=== Section Start ===
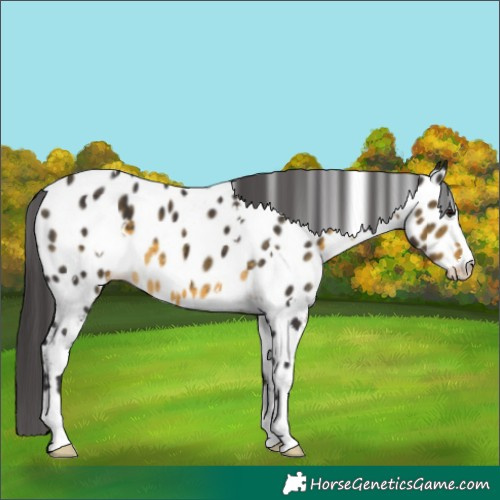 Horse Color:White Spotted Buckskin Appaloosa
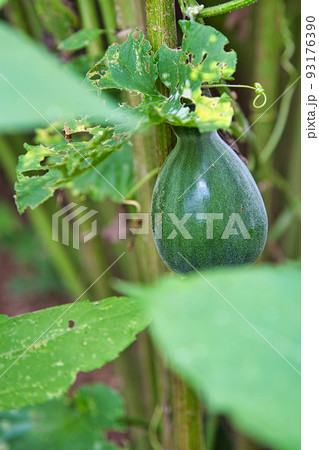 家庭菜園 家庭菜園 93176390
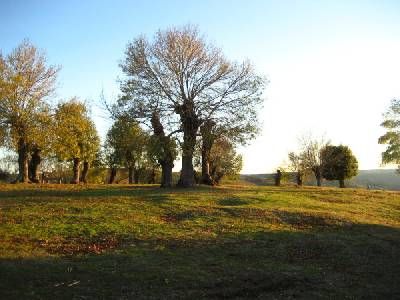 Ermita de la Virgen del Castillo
=== Section End ===
=== Section Start ===
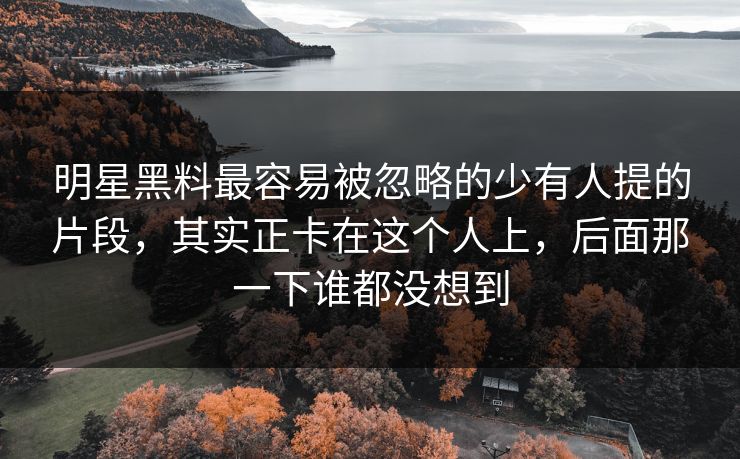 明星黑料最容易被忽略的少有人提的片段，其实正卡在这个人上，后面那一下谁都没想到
=== Section End ===
TASK PROMPT: In the listing above, find the line with "家庭菜園 家庭菜園 93176390" and the line with "Ermita de la Virgen del Castillo". Set down exactly those lines and everything between them, skipping pictures.

SOLVED PROBLEM:
 家庭菜園 家庭菜園 93176390
 Ermita de la Virgen del Castillo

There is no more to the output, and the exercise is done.